Work instructions ::
Retype, word for word, every line starting at the line with "Vintage ceramic dresser knobs" and ending with the final line of the entries; skip the pictures.

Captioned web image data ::
○ ○ ○ ○
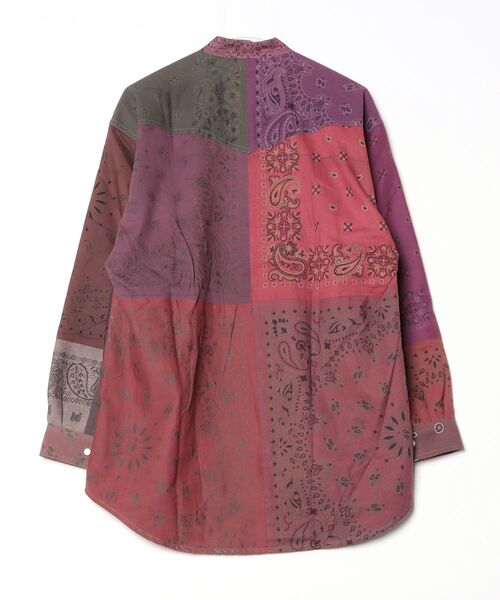 Children of the discordance（チルドレン オブ ザ ディスコ-ダンス）の「Children of the discordance / VINTAGE BANDANA PATCHWORK SHIRT LS / COTDSH-112 SP（シャツ/ブラウス・メンズ・その他/その他1/その他2・1/2/3）」の5枚目の写真
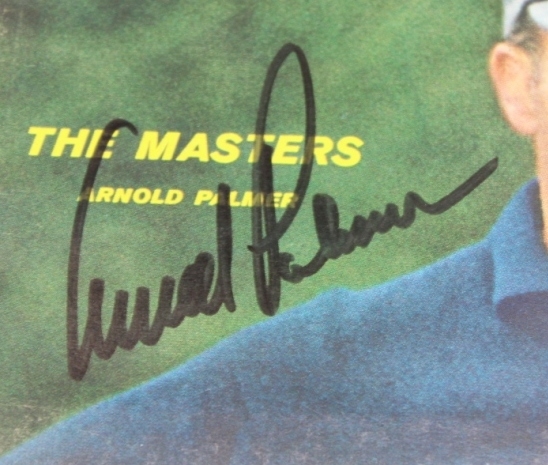 Arnold Palmer Signed Sports Illustrated (NO MAILING LABEL) - 4/2/1962 JSA COA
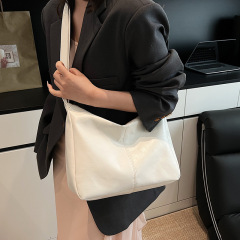 跨境质感PU女包托特包斜挎包夏季新款时尚百搭大容量上班通勤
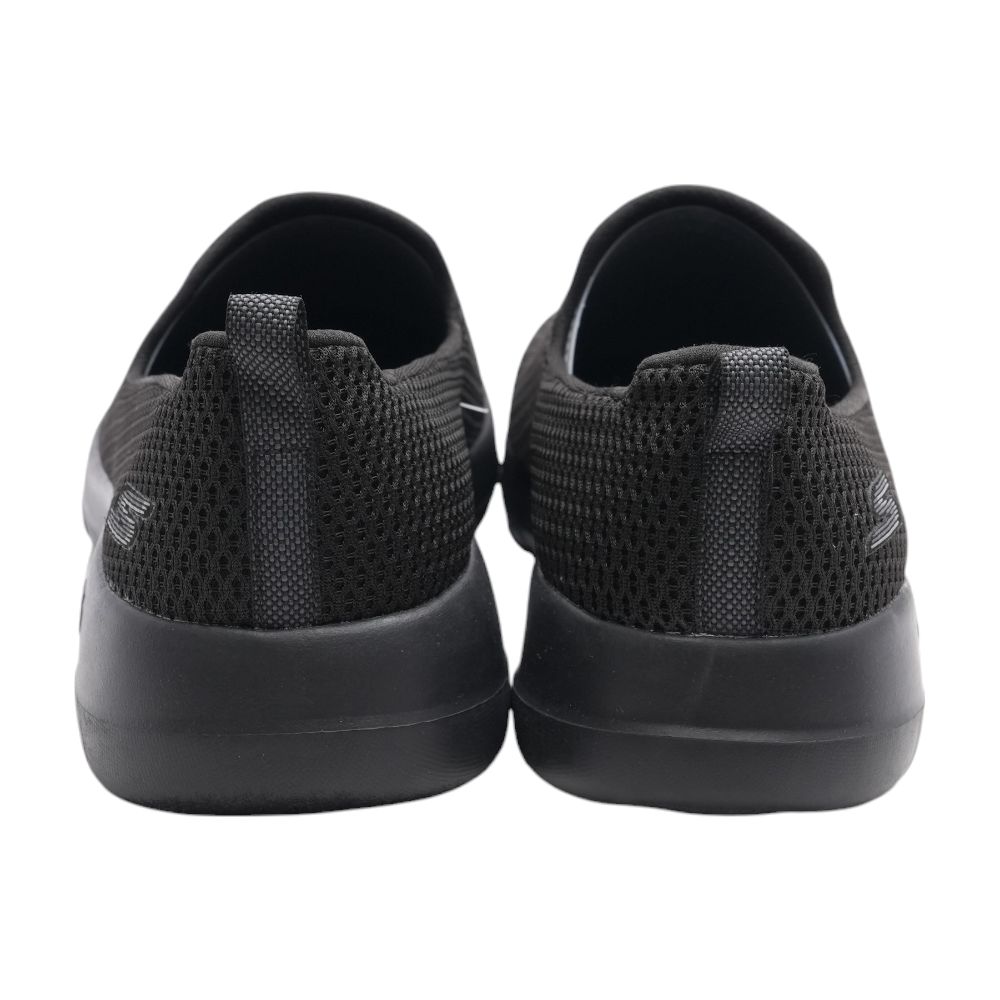 Malvina Black Slip On Athletic Shoes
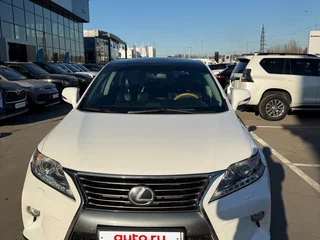 2013 Lexus RX 350 III Рестайлинг, белый, 3190000 рублей, вид 1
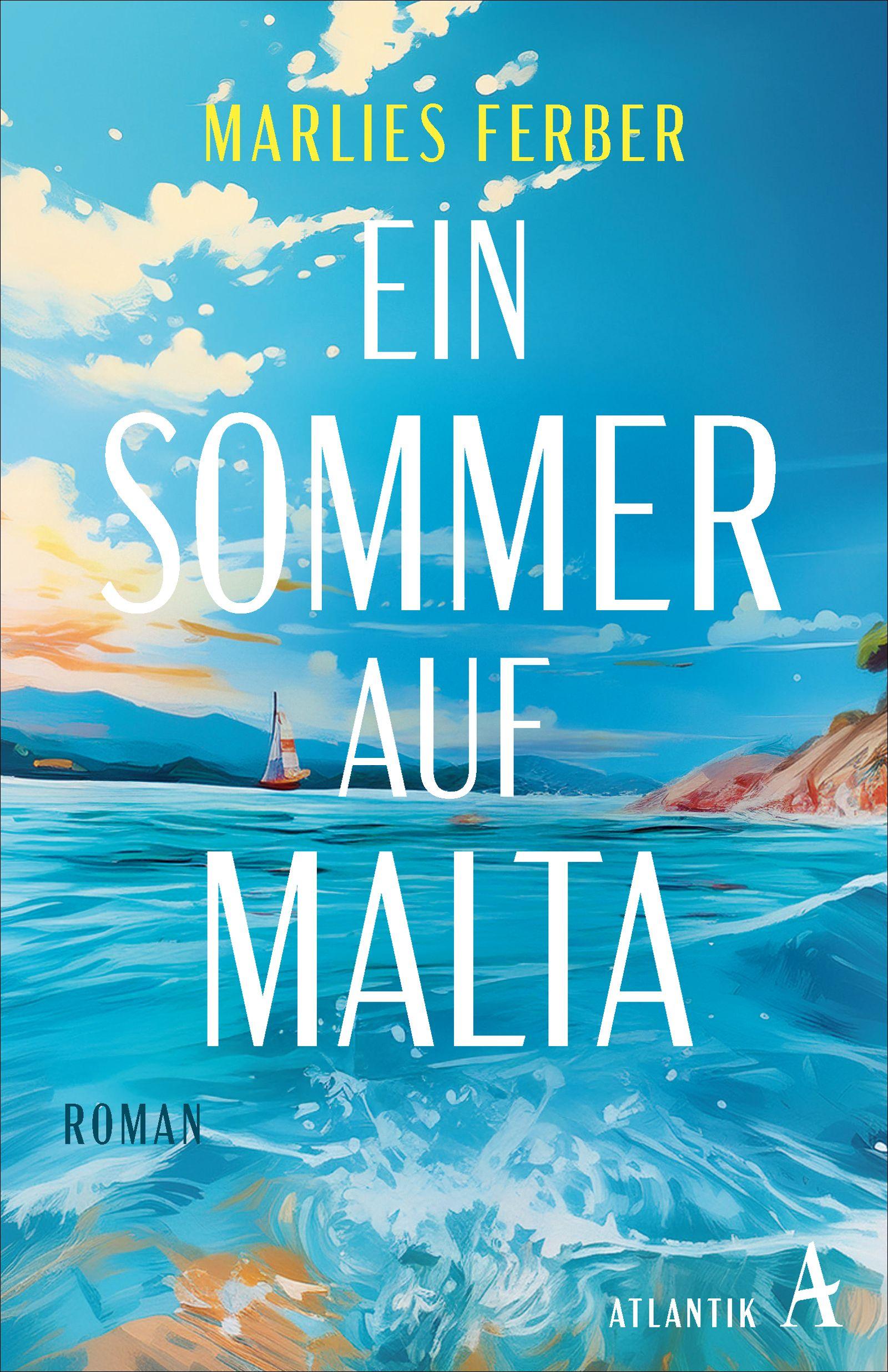 Vorderes Coverbild Ein Sommer auf Malta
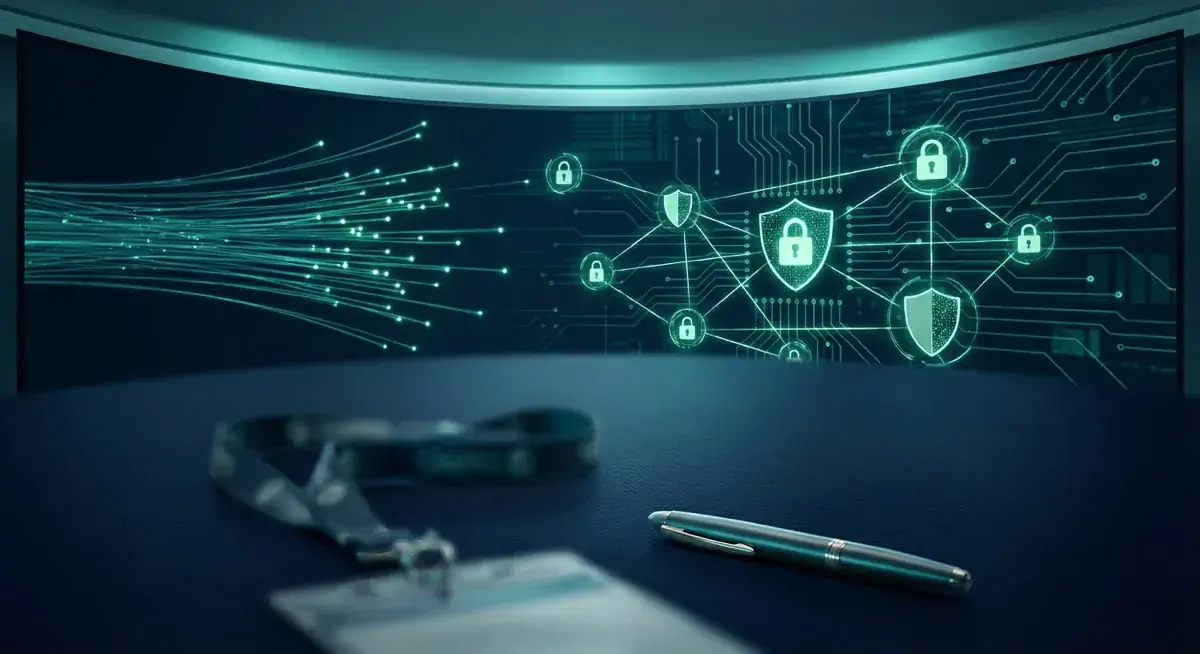 AWARE7 bei der Startup Night vom Ruhr HUB ! - Illustration zu IT-Sicherheitsbewusstsein und Mitarbeiterschulung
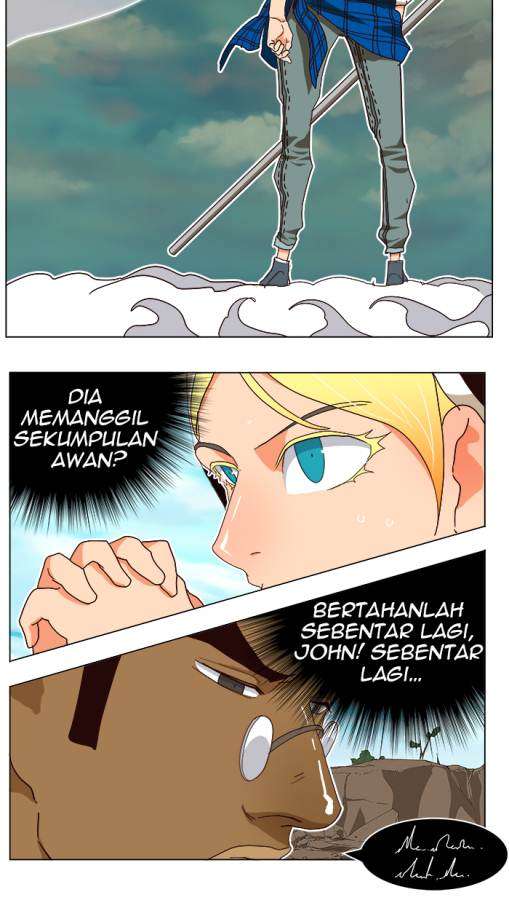 The God of High School Chapter 187 - halaman 55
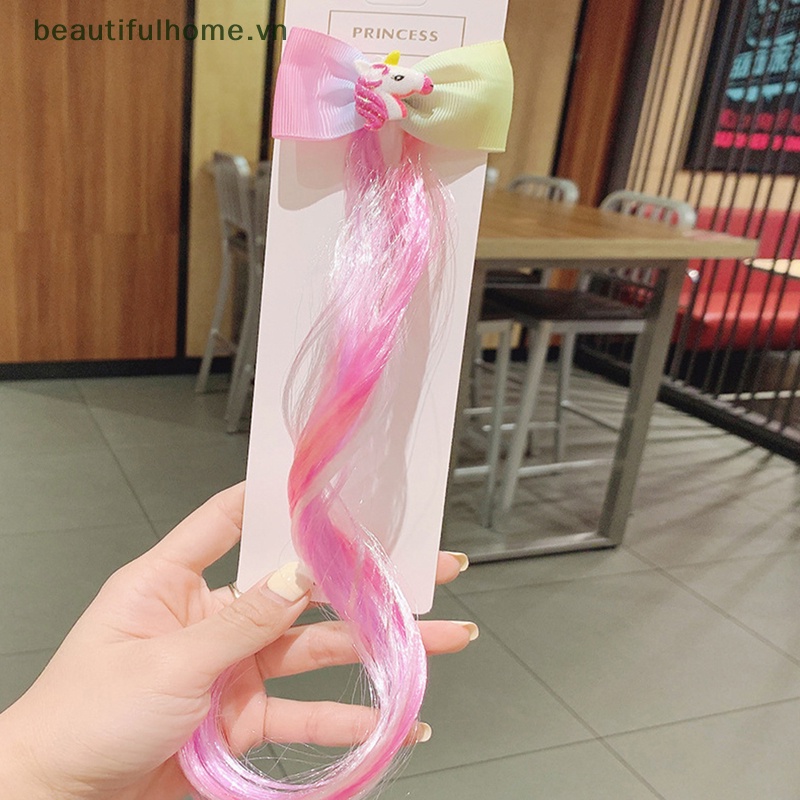 1 Kẹp Tóc Hoạt Hình Xinh Xắn Cho Bé Gái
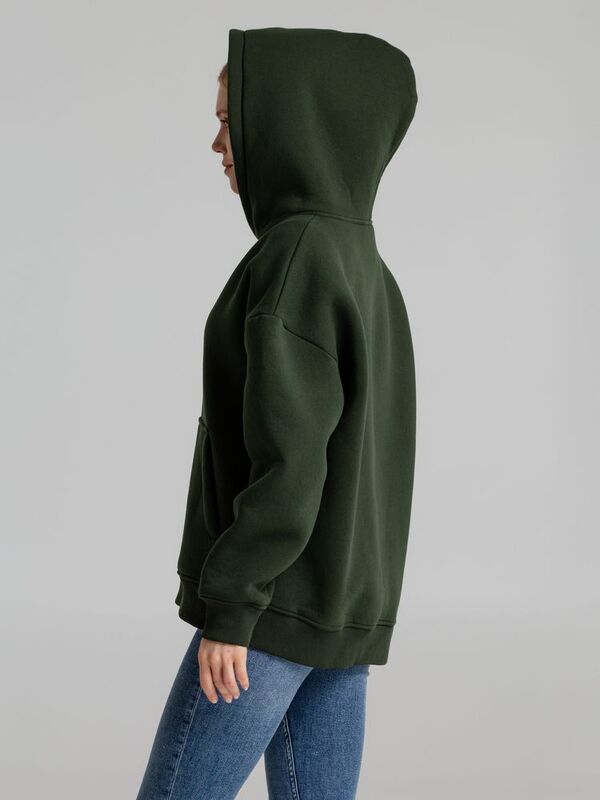 Худи Kulonga Oversize, темно-зеленый (хаки) арт.14101.99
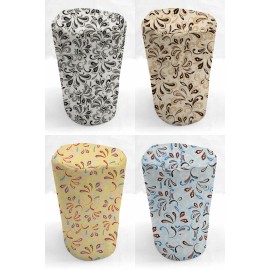 Penny's Needful Things Paisley Can Opener Cover (4 Colors Available) - Brown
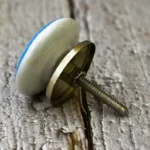 Vintage ceramic dresser knobs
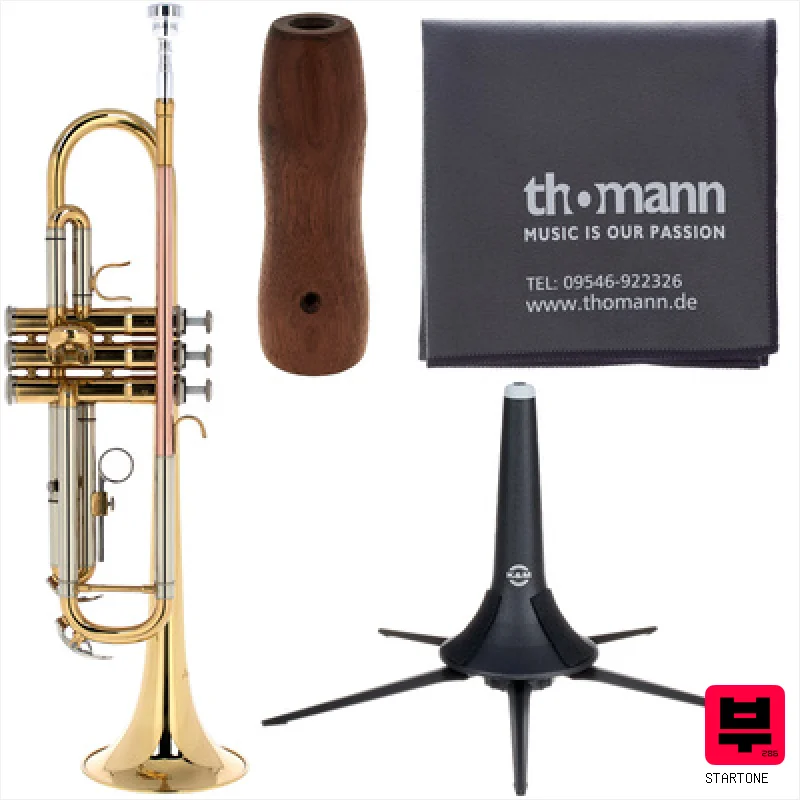 Startone STR-25 Bb- Trumpet Starter Set - Bb Trumpets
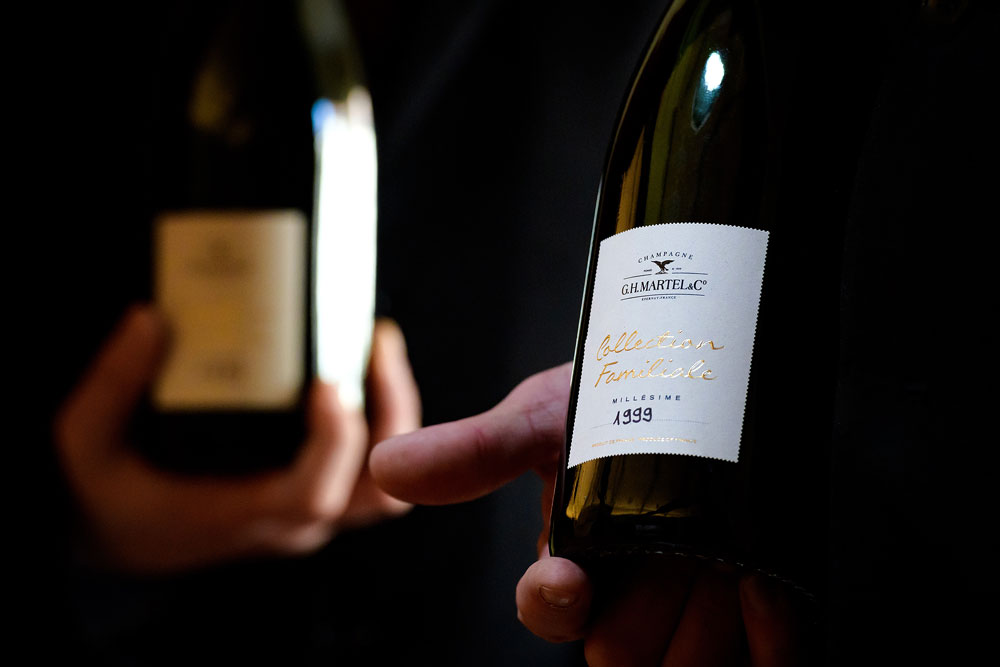 Cuvée Édition limitée Collection Familiale - G.H. Martel&Co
○ ○ ○ ○
Answer below ::
 Vintage ceramic dresser knobs
 Startone STR-25 Bb- Trumpet Starter Set - Bb Trumpets
 Cuvée Édition limitée Collection Familiale - G.H. Martel&Co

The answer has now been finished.